Selon le décompte de la Direction nationale de lutte contre le hooliganisme (DNLH) du 16 décembre dernier, la France du foot comptait 104 individus interdits de stade. A cela s’ajoute un outil à disposition des clubs depuis la loi Larrivé adoptée en 2016: les interdictions commerciales. Elles se traduisent par l’impossibilité pour un supporter visé d’acheter une place pour assister aux matchs de son équipe. Celles-ci se sont multipliées cette saison (331 en décembre dernier) après les nombreux débordements en tribunes.

"Dès qu'on reçoit un recommandé, ça pue pour les autres"

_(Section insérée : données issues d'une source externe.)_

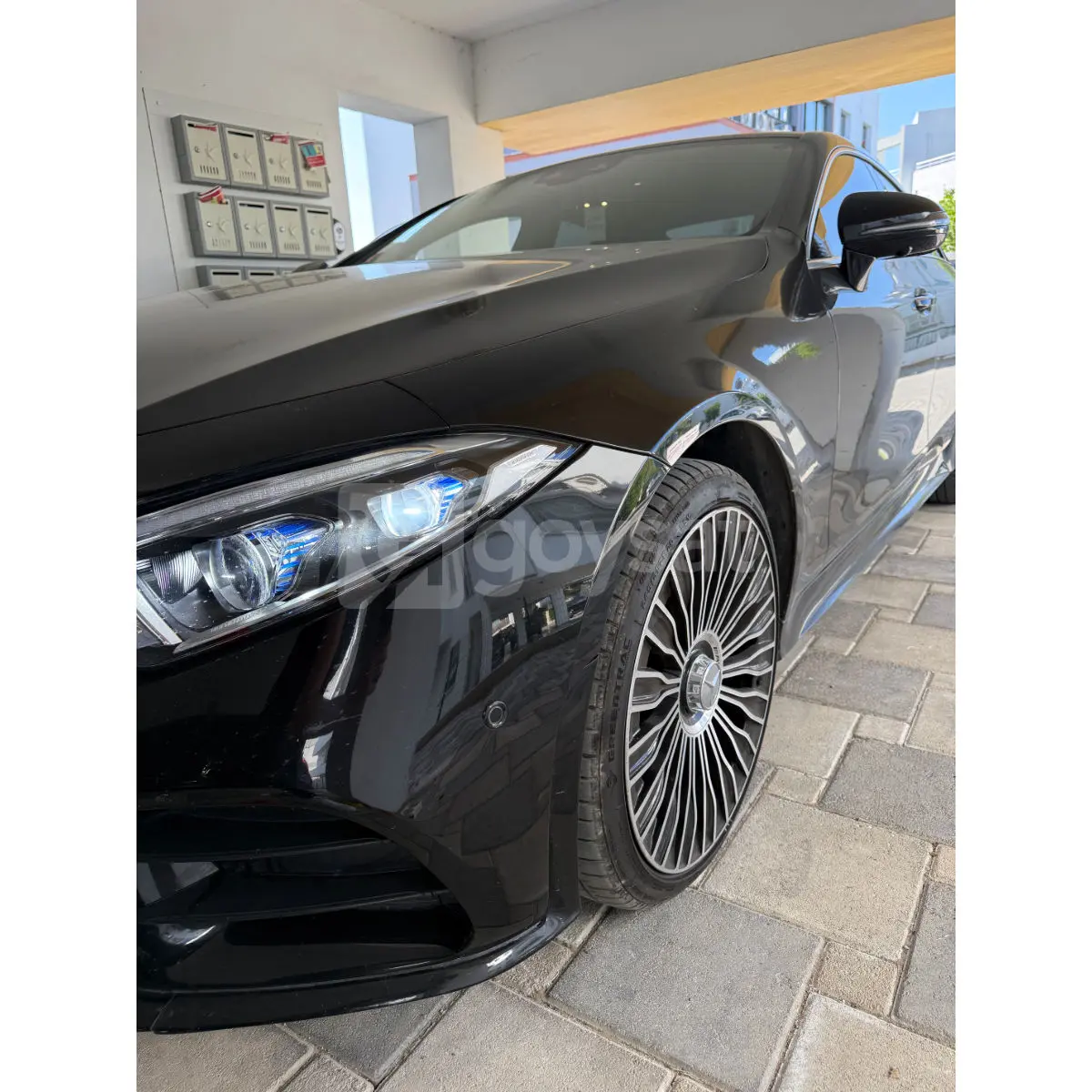 20 inç Mercedes Amg Jantı - Yedek Parça, Aksesuar, Donanım & Tuning Satılık - Görsel 3 | Goysat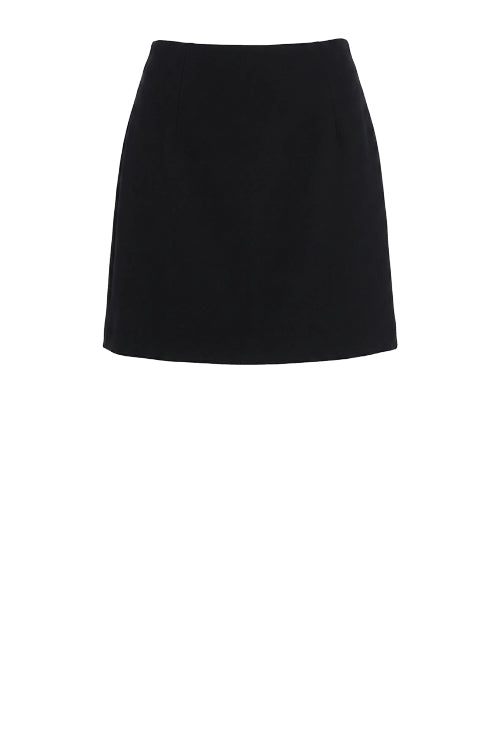 tempo mini skirt / black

Leur mode d’application crispe le monde des tribunes, déjà remonté par les abus de l’arsenal répressif à disposition des autorités. Trois dispositifs existent: les interdictions judiciaires de stade (IDS), les interdictions administratives de stade (IAS) et les interdictions commerciales de stade (ICS), donc. Le premier (IDS) est le moins contesté puisqu’il s’inscrit dans un cadre judiciaire avec procès devant un juge, défense et décision. "L’interdiction judiciaire de stade, je la trouve très bien, confie Pierre Barthélémy, avocat de plusieurs dizaines de supporters et de l’Association Nationale des Supporters. C’est normal qu’une personne qui a commis un délit dans un stade et qui est dangereux pour les prochains matchs soit interdit de stade et qu’on s‘assure qu’il ne vienne pas au stade."

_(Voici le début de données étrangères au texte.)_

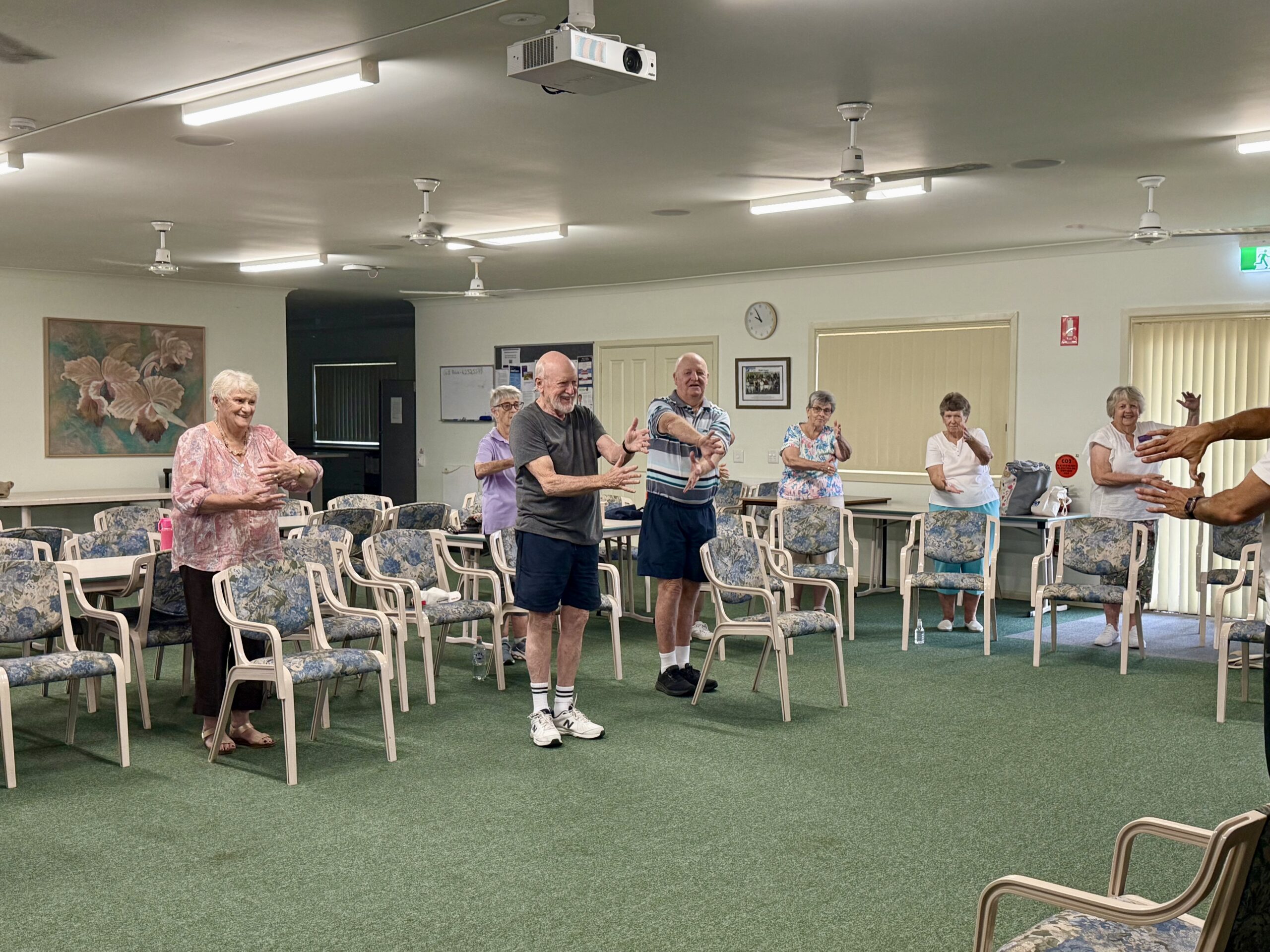 Tai Chi at Warrigal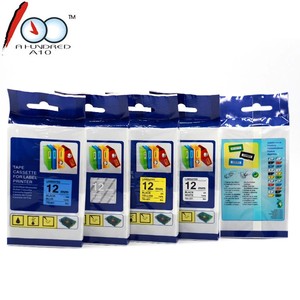 Tz2-<span class=keywords><strong>231</strong></span> Đen Trên Trắng 12Mm Cho <span class=keywords><strong>Tze</strong></span> Tz <span class=keywords><strong>231</strong></span> Nhãn Nhiều Lớp Băng Cassette <span class=keywords><strong>Maker</strong></span> - Product Image 1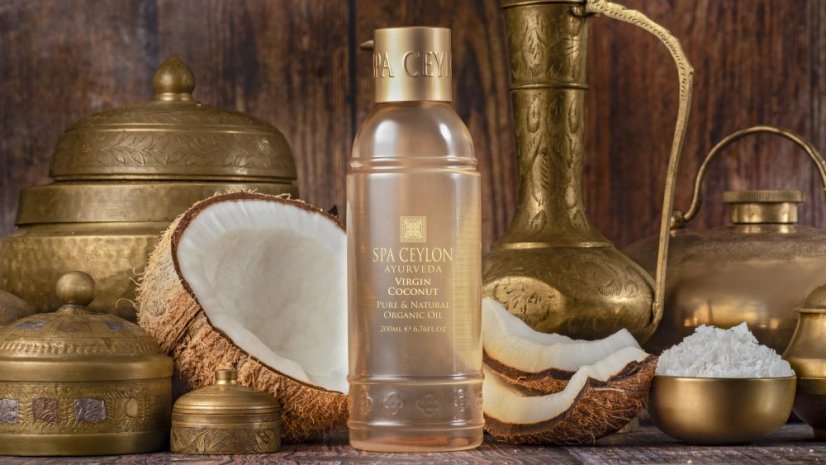 Čistý a Přírodní Organický Kokosový Olej Virgin Coconut 200ml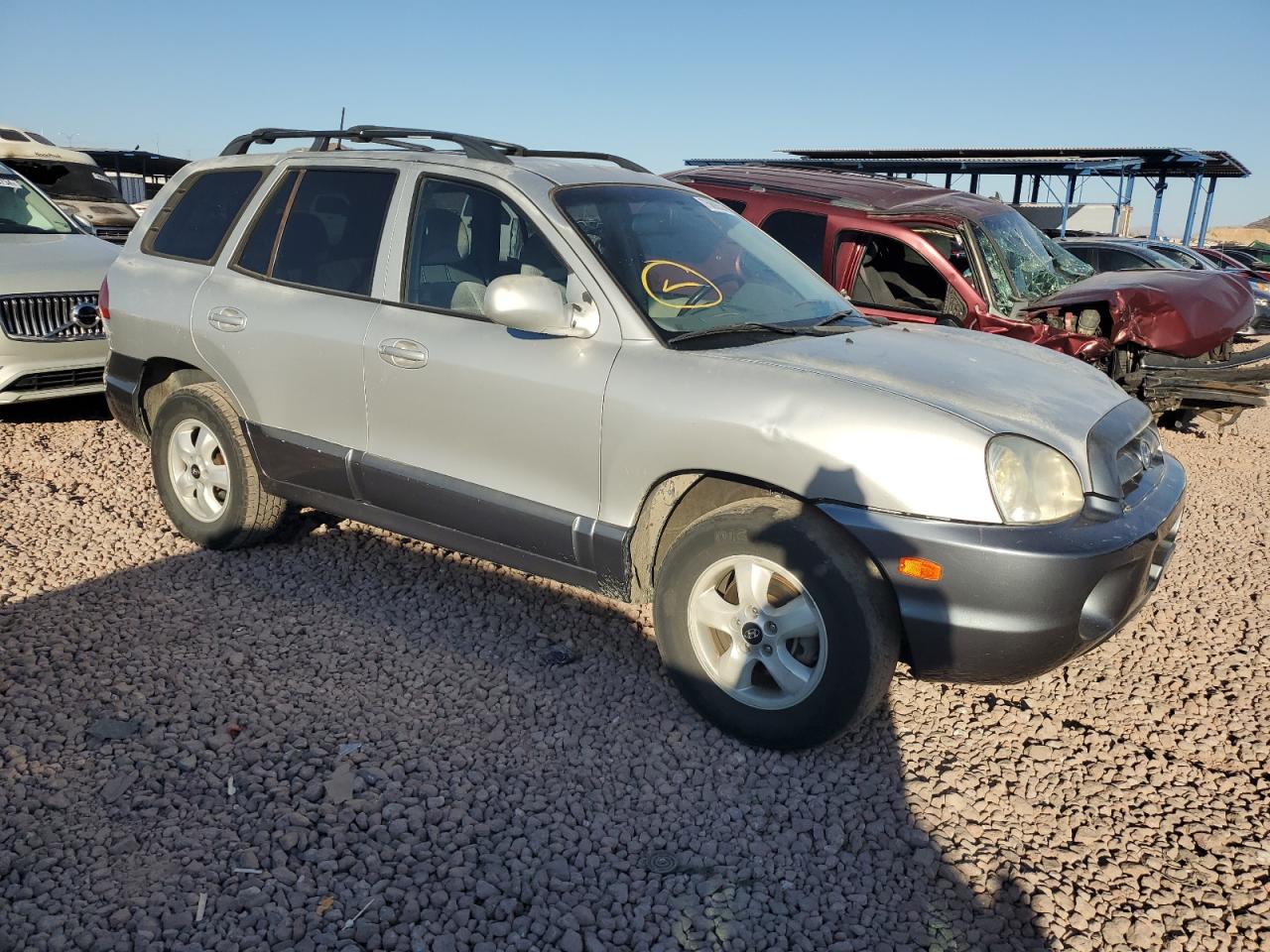 Lot #2912350395 2005 HYUNDAI SANTA FE G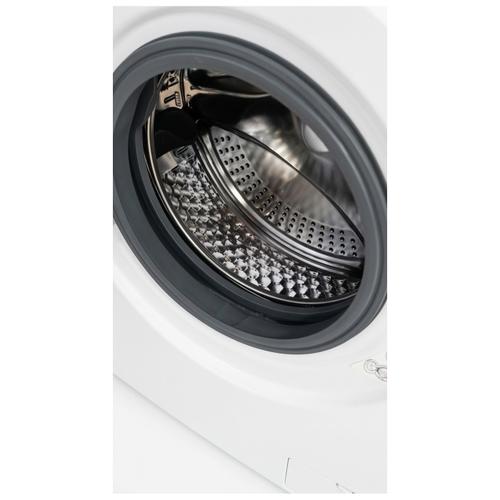 Masina de spalat rufe LDK 610DIWB, Clasa A, Capacitate 6 Kg, 1000 rpm, 16 programe, Rapid 15', Amanare pornire, Spalare cuva, Slim (Alb)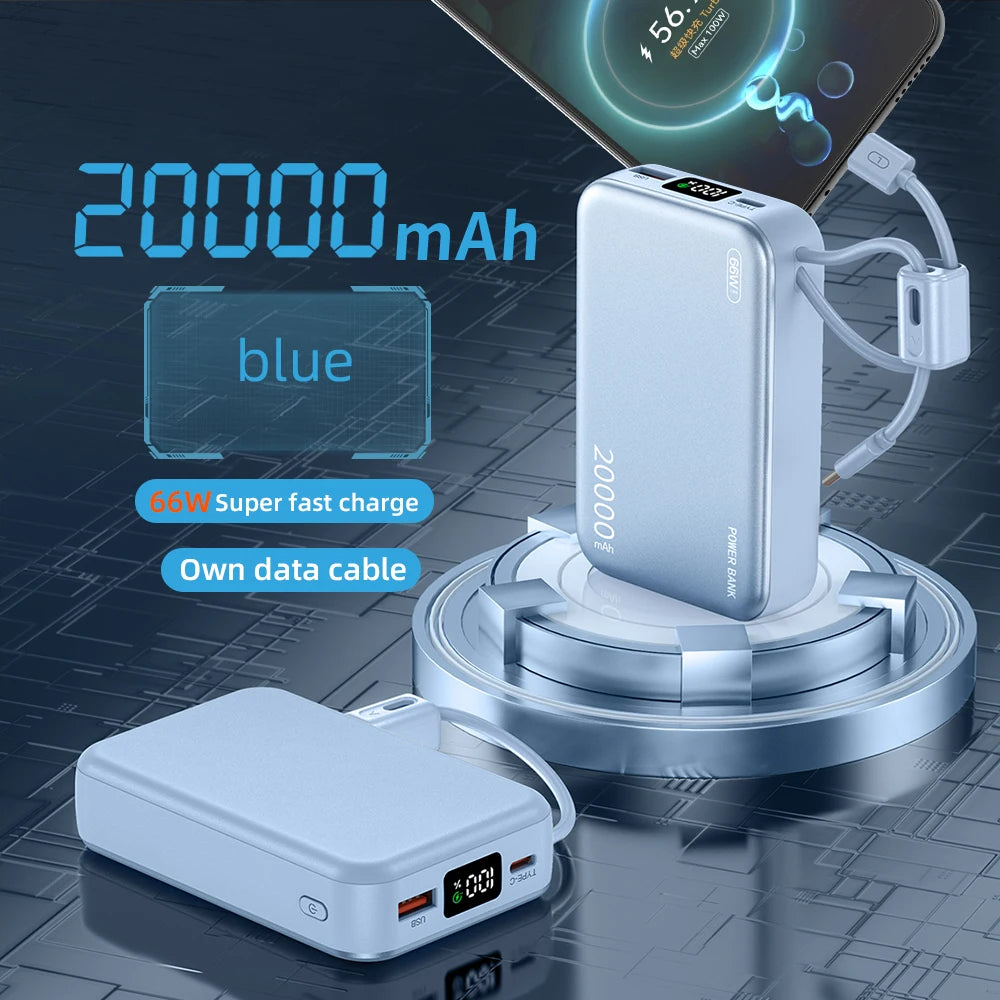 Xiaomi 20000 mAh Powerbank 66W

Les IAS provoquent en revanche crispation et incompréhension. Elles sont décidées par les préfets et permettent "de prévenir ou sanctionner la violence dans les stades", expliquent les autorités. Elles tombent souvent sans prévenir après des remontées d’informations de services de police sur le terrain (renseignements généraux, police dans les stades…). Hugo, par exemple, n’avait "absolument pas" été mis au courant de ce qu’il encourait avant de découvrir un courrier recommandé un beau matin. "On reçoit ce courrier du jour au lendemain dans la boite aux lettres sans qu’on s’y attende, explique-t-il. Ça devient un peu la blague. Dès qu’un supporter reçoit un recommandé dans sa boîte aux lettres, on sait que ça pue pour les autres. On n’est pas obligé d’être interpellé ou pris sur le fait pour avoir une interdiction administrative."

Les supporters visés ont alors un délai d’une quinzaine de jours pour se rendre à la Préfecture et s’expliquer sur les faits reprochés. Une audition bien loin d’un procès en bonne et due forme.

"Le problème de l’administratif, c’est qu’ils peuvent mettre ça à n’importe qui, témoigne Hugo. J’avais été accusé d’avoir craqué des fumigènes et j’avais prouvé que je n’étais pas à ce match. Mais c’était juste un rendez-vous de procédure. On a beau apporter des preuves, ils ne les prennent pas du tout en compte, et après on reçoit notre IAS. C’est complètement tronqué. C’est là où les dérives sont majoritaires. Ce rendez-vous sert juste à respecter un cadre légal pour eux."

Clément*, qui "vit, mange et dort PSG", a aussi reçu le fameux courrier. Mais lui s’y attendait davantage après avoir été arrêté dans les tribunes du Parc des Princes pour avoir craqué un fumigène au milieu de centaines d’autres, lors de l’anniversaire du virage Auteuil en novembre dernier avant PSG-Nantes. "J’ai ressenti l’injustice, surtout qu’on voit 550 torches craquées dans le stade et que vous vous faites attraper", explique l’inconditionnel du PSG. Il a peu ruminé au début avant de connaître sa sanction: interdiction administrative de stade pendant trois mois pour les matchs à domicile, extérieur, ceux du PSG Handball et de l’équipe féminine. Mais sans obligation de pointage. Le PSG lui a infligé, en plus, une ICS jusqu’à la fin de la saison.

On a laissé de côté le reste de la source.